Brussels – Onward with the enlargement and inclusion of the Western Balkan countries. The European Commission is ready to approve plans for the economic growth of the region’s states “this week,” announced the president of the EU executive, Ursula von der Leyen, at the end of the meeting of the Berlin process, the forum created in 2014 to increase cooperation with the area’s candidate countries. A decision that “partially opens the doors” to the EU by allowing access to the European single market.
Greater economic integration before political integration is what the EU offers five of the six Western Balkan countries. Albania, Montenegro, North Macedonia, Serbia, and Kosovo are set to receive the aid they need to increase their trade and boost their economies. A stimulus to the reform agenda and an award for those “tangible advances” that von der Leyen intends to reward. However, the German wants to be clear—this is not a paradigm shift: “Accession remains a merit-based process, and it will remain so.”
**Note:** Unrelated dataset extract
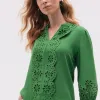 Best Sale Satin Eyelet Top Tops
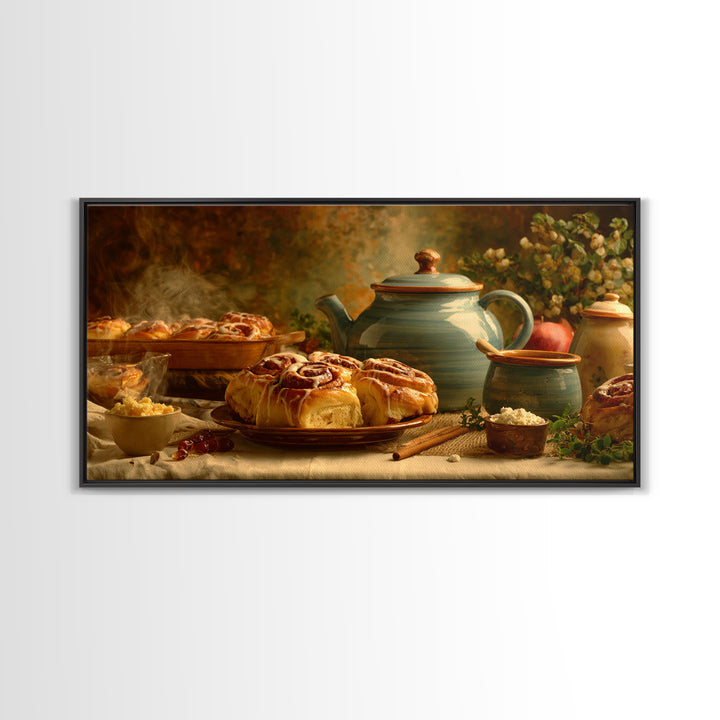 Cinnamon Rolls in a Warm Country Kitchen Canvas Print, Bakery Art, Watercolor Painting, Bakery Decor, Fine Art, Patisserie, BAK-2x1-31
The decision to allow the Western Balkan states to join the single market is part of the broader strategy encapsulated in the region’s new growth plan. A total of six billion euros were made available in parallel with the publication of the EU Enlargement Package 2023. The von der Leyen team intended to begin disbursing the resources needed for alignment to the twelve-star free trade area before summer. Von der Leyen’s announcement is late compared to the expectations and promises made.
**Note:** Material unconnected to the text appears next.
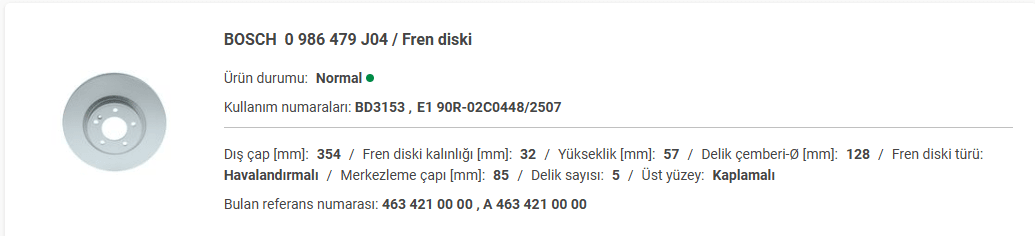 M.BENZ W463 G-SERİSİ ÖN DİSK ADET A4634210000 - Yedek Parça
The opening brings the Western Balkan region closer to Europe, with the clear intent to be a political message to Russian President Vladimir Putin. “We saw that enlargement for years was no longer high on the agenda,” von der Leyen recalls. “That changed, especially after Russia’s war in Ukraine, with the choice of countries that decided to be on the right side of history, for democracy and respect for the order based on international law.”